--- START ---
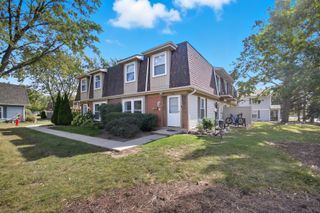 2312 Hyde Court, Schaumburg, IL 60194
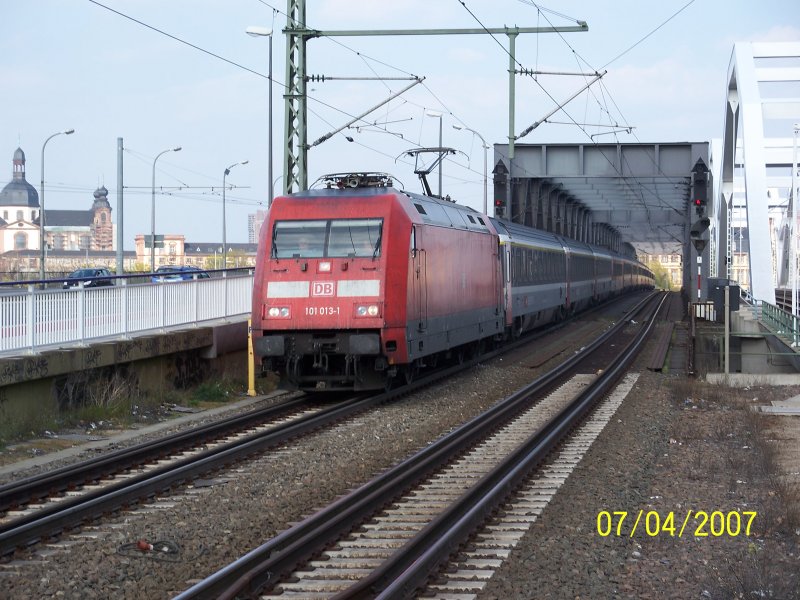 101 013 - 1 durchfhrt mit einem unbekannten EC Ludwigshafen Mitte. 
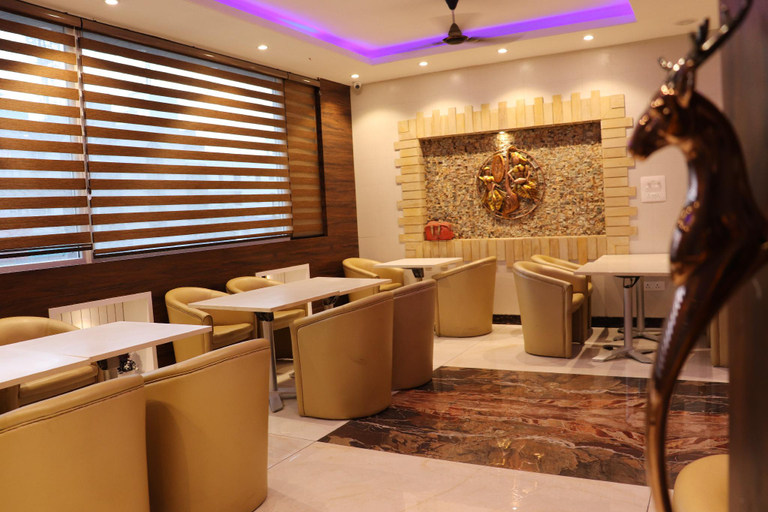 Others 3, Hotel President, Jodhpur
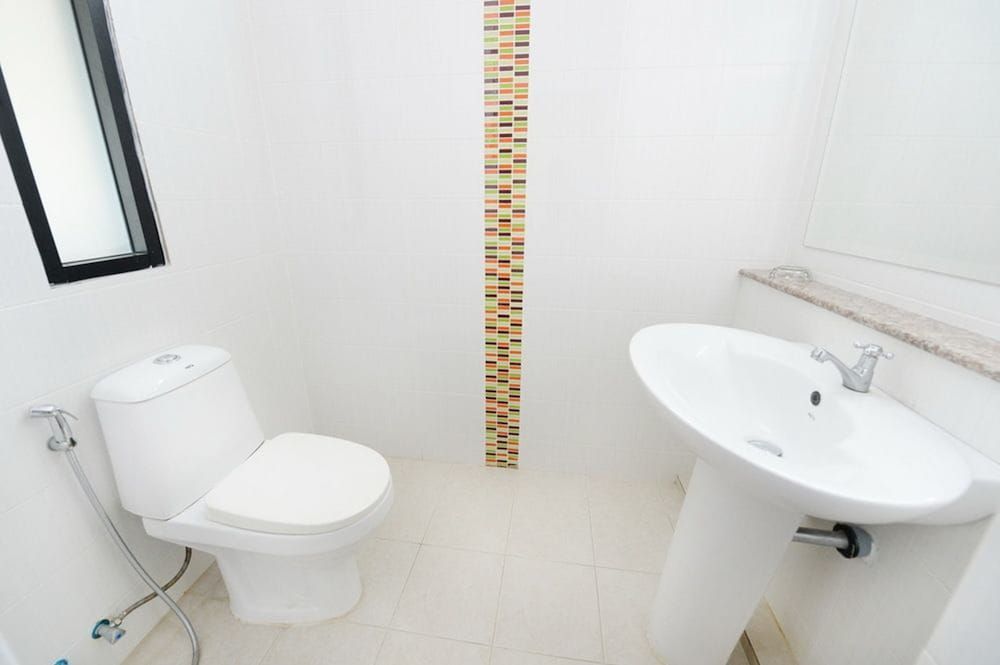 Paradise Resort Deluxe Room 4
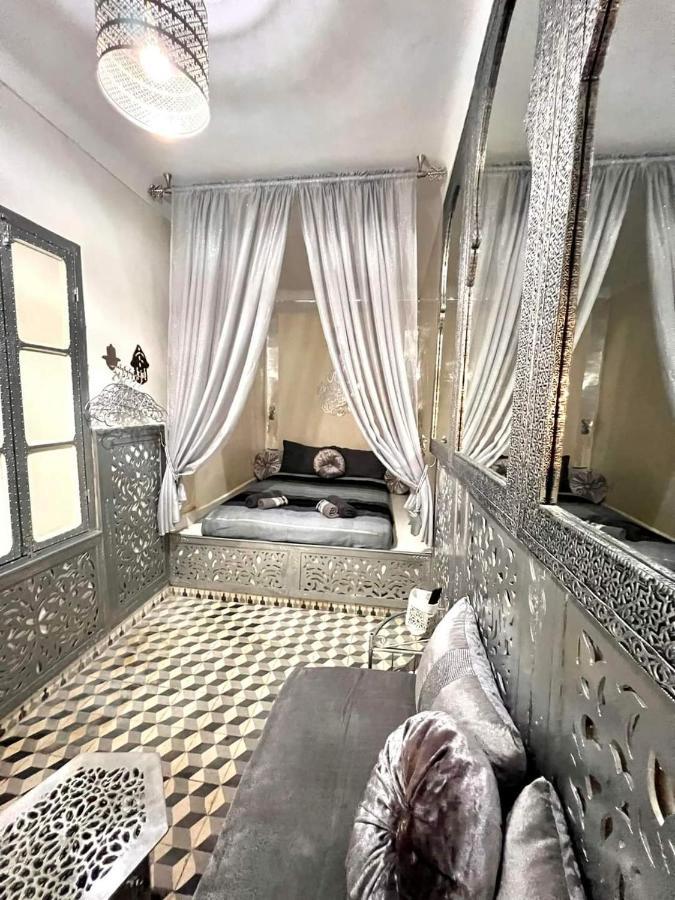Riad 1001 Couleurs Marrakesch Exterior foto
--- END ---
• **Problem to work on**
Exactly the lines from the one with "Others 3, Hotel President, Jodhpur" through the end of the records are to be repeated, both ends included, and pictures are to be omitted.

• **The completed task**
 Others 3, Hotel President, Jodhpur
 Paradise Resort Deluxe Room 4
Riad 1001 Couleurs Marrakesch Exterior foto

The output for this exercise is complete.